This post originally appeared in the Performance Calendar 2018 series.
Last year I wrote about how to leverage the Chrome UX Report (CrUX) to find your competitive edge. Since then, there have been several important developments: CrUX has grown to over 4 million websites, the dataset has accumulated over a year's worth of performance trends, and most importantly, the HTTP Archive has begun analyzing how over a million of these CrUX websites are built. In this post we'll look at how we can combine the strengths of these tools to learn something new about performance on the web.
As a refresher, CrUX collects performance data from real Chrome users and aggregates that data up at the origin-level. There are millions of these origins in the dataset. Performance metrics representing the interactivity, paint, and page load times are included in a queryable database on BigQuery. The metric we'll be using for this post is First Contentful Paint (FCP), or the time at which the page shows something useful to the user. The FCP data for each origin is organized as a histogram representing the distribution of user experiences with the percent of experiences grouped by 100ms intervals.
The HTTP Archive on the other hand is not a collection of real user data. It is a synthetic tool built on WebPageTest that collects information about how each web page is built. Curated stats and trends are available on httparchive.org while the raw data is also queryable on BigQuery.
We will merge these datasets using BigQuery to analyze the performance of specific origins in CrUX as determined by HTTP Archive.
According to BuiltWith, 60% of the top 1 million websites use some kind of content management system (CMS) with WordPress being the most popular at about one third of the web. The prevalence of CMSs make them a great research topic to demonstrate the power of web transparency data.
To understand which CMS a given website is built with, we can leverage the technology detections included in the Wappalyzer project. HTTP Archive and WebPageTest use this tool to identify about 1,000 different technologies, the results of which are then queryable in the
technologies dataset. So here's a quick example of counting the number of WordPress websites:
SELECT COUNT(DISTINCT url) AS num_wordpress FROM `httparchive.technologies.2018_12_01_desktop` WHERE app = 'WordPress'
The result is 200,384 pages detected as using WordPress.

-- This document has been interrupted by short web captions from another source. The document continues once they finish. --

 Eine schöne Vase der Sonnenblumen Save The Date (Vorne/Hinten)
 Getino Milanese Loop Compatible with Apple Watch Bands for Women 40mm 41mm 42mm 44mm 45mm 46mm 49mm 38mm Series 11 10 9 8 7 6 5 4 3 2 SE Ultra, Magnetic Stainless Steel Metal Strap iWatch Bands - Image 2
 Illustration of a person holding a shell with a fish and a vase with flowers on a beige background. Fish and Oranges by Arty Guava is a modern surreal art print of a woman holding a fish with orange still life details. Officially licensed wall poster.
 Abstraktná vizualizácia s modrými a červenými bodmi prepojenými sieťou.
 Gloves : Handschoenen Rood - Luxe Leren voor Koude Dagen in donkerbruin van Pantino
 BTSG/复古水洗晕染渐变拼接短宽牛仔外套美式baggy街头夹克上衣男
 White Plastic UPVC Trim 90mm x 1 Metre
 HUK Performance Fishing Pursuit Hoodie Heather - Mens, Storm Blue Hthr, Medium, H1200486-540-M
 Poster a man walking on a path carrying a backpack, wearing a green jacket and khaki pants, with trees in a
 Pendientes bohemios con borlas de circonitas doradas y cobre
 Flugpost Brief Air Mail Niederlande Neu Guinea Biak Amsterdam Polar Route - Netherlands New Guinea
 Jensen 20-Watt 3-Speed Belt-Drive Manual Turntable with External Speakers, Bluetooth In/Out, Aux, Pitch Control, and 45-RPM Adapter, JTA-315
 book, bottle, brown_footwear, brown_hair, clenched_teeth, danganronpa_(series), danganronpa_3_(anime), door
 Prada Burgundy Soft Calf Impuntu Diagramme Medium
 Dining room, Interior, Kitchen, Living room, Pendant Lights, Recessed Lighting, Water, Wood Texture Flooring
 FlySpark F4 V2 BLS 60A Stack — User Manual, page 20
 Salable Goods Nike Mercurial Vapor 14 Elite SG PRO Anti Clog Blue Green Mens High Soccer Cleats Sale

We can write similar queries to identify websites built with many other popular CMSs like Drupal, Joomla, TYPO3, etc.
To understand how fast the FCP experiences are for a given origin, we can query CrUX for a simplified distribution having only 3 buckets: fast (less than 1 second), average (between 1 and 2.5 seconds), or slow (greater than 2.5 seconds).
SELECT ROUND(SUM(IF(fcp.start < 1000, fcp.density, 0)) / SUM(fcp.density), 4) AS fast, ROUND(SUM(IF(fcp.start >= 1000 AND fcp.start < 2500, fcp.density, 0)) / SUM(fcp.density), 4) AS avg, ROUND(SUM(IF(fcp.start >= 2500, fcp.density, 0)) / SUM(fcp.density), 4) AS slow FROM `chrome-ux-report.all.201811`, UNNEST(first_contentful_paint.histogram.bin) AS fcp WHERE origin = 'https://web.dev'
The results show that during November 2018, the origin
https://web.dev had a fast FCP about 50% of the time, followed by 40% average, and 10% slow.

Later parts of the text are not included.